Rabu, 16 November 2011

Alur Pada Cerpen Kelas IX

Ke Solo, ke Njati
Alur :
a. Pengenalan :
Bis jurusan Wonogiri mulai bergerak meninggalkan terminal.
b. Konflik :
Tidak mungkin dia akan dapat peluang, betapa pun kecil itu, untuk dapat menyeruak masuk di antara desakan berpuluh manusia yang mau naik.
c. Konflikasi :
1) Tangannya sebelah sudah memegang pinggiran pintu. Tiba-tiba anaknya berteriak mainannya jatuh dan sekelebat dilihatnya sebuah tangan ingin merenggut tasnya.
2) Anak-anaknya pada menangis dan ia pun segera minggir mencari tempat yang agak sela.
3) Pendapatannya sebagai pembantu di rumah kompleks perumahan itu mepet sekali untuk mengongkosi hidup mereka.
4) Kemudian terpikirlah untuk pulang mudik ke Njati tahun ini.
5) “Mbok kamu jangan pulang Lebaran. Tahun ini, anak-anak saya pada kumpul di sini.
6) “Wah, nuwun sewu, Bu. Saya sudah terlanjur janji anak-anak.”
d. Klimaks :
Wah, dengan uang apa? Uangnya yang terbanyak sudah habis dimakan calo karcis, ongkos bolak-balik bajaj, jajan, oleh-oleh yang sekarang sudah pada peyot semua.
e. Resolusi :
Pasti masih banyak kerjaan, pastinya.
f. Penyelesaian :
Ayo sini bantu kami sini. Tuh piring-piring kotor masih menumpuk di dapur. Sana ....”















Sinopsis :
Bis jurusan Wonogiri mulai bergerak meninggalkan terminal. Orang begitu berjejal, berebut masuk. Tidak mungkin dia akan dapat peluang, betapa pun kecil itu, untuk dapat menyeruak masuk di antara desakan berpuluh manusia yang mau naik. Kemarin, dia sudah hampir bisa masuk. Tangannya sebelah sudah memegang pinggiran pintu. Tiba-tiba anaknya berteriak mainannya jatuh dan sekelebat dilihatnya sebuah tangan ingin merenggut tasnya. Anak-anaknya pada menangis dan ia pun segera minggir mencari tempat yang agak sela. Pendapatannya sebagai pembantu di rumah kompleks perumahan itu mepet sekali untuk mengongkosi hidup mereka. Kemudian terpikirlah untuk pulang mudik ke Njati tahun ini. Sebelumnya majikannya meminta agar dia tidak pulang mudik, karena anak-anaknya akan berkumpul dan pasti banyak kerjaan. Tetapi dia tetap ingin pulang mudik karena sudah janji pada anak-anak. Sekarang, pada hari Lebaran kedua, mereka gagal lagi. Anak-anaknya sempat kecewa karena tidak jadi pulang mudik , tetapi ibunya menghibur dengan menjanjikan pergi ke Kebon Binatang. Tetapi ia bingung dengan uang apa. Uangnya yang terbanyak sudah habis dimakan calo karcis, ongkos bolak-balik bajaj, jajan, oleh-oleh yang sekarang sudah pada peyot semua. Tetapi dia lalu berpikir untuk pergi ke gedong, karena pasti masih banyak kerjaan. Setelah sampai di gedong ia bertemu majikannya dan langsung disuruh untuk menjalankan pekerjaannya di dapur.

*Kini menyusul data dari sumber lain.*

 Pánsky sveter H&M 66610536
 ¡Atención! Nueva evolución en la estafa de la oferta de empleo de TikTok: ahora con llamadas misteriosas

KD 8.1 Menuliskan kembali dengan kalimat sendiri cerita pendek
pernah dibaca.
















Nama : Astri Ekayanti
Kelas : IX-5
Bis jurusan Wonogiri mulai bergerak meninggalkan terminal. Habis sudah harapannya untuk ikut terangkut. Orang begitu berjejal, berebut masuk. Tidak mungkin dia akan dapat peluang, betapa pun kecil itu, untuk dapat menyeruak masuk di antara desakan berpuluh manusia yang mau naik. Bawaannya ber-genteyong-an di pundak dan punggungnya, belum lagi tangannya yang mesti menggandeng kedua anak-anaknya yang masih kecil.
Kemarin, pada hari Lebaran pertama, dia sudah hampir bisa masuk. Tangannya memegang erat-erat anak-anaknya, tangannya sebelah sudah memegang pinggiran pintu. Tiba-tiba anaknya berteriak mainannya jatuh dan sekelebat dilihatnya sebuah tangan ingin merenggut tasnya. Dengan sigap dikibaskannya tangannya menangkis tangan yang ingin menggapai tasnya, dan dengan kegesitan yang sama tangannya yang sebelah melepaskan pegangan anak-anaknya untuk memungut mainan anaknya yang jatuh di tanah. Bersamaan dengan itu orang-orang di belakangnya mendapat kesempatan untuk menyisihkan dia dan anak-anaknya terlempar ke pinggir. Kalau kernet bis yang berdiri di dekatnya tidak sigap menahan tubuhnya, pastilah dia dan anak-anaknya sudah tercampak di tanah.
Anak-anaknya pada menangis dan ia pun segera minggir mencari tempat yang agak sela. Anak-anaknya berhenti menangis sesudah dibelikan teh kotak dan sebungkus kerupuk chiki. Ditariknya napas panjang di pinggir warung itu. Dipandangnya bis yang masih berdiri dengan teguhnya diguncang-guncang orang yang pada mau mudik.
“Bu, kita jadi mudik ke Njati, ya Bu ?” anaknya yang besar, yang berumur enam tahun, bertanya.
“Wah, nampaknya susah, Ti. Lihat tuh penuhnya orang.”
“Kita nggak jadi mudik, ya, Bu.”
“Besok kita coba lagi, ya ?”
Itulah keputusannya kemarin. Anak-anaknya pada menggerutu dan mau menangis.
“Sekarang kita mau ke mana, Bu ?”
“Ya, pulang, Ti.”
Pulang. Itu berarti pulang ke kamar sewaan yang terselip di tengah kampung yang agak kumuh di bilangan Kali Malang. Anak-anaknya yang sudah lelah menurut saja digandeng ibunya dan kemudian didorong masuk ke sebuah bajaj yang pada sore hari itu memungut biaya entah berapa kali lipat daripada biasa. Anaknya yang kecil langsung tertidur begitu bajaj bergerak. Anaknya yang besar diam, entah membayangkan atau memikirkan apa.
Pagi-pagi, sebelum mereka bersiap untuk pergi ke terminal pada sore hari, dibawanya anak-anaknya ke makam suaminya, di kuburan yang terletak tidak jauh dari kampung tempat dia tinggal. Suaminya, yang semasa hidup adalah buruh bangunan pada sebuah perusahaan pemborong, meninggal kira-kira tiga tahun yang lalu. Dia meninggal tertimpa dinding yang roboh. Untunglah perusahaan cukup baik hati dan mau mengurus pemakamannya dan memberi santunan sekadarnya.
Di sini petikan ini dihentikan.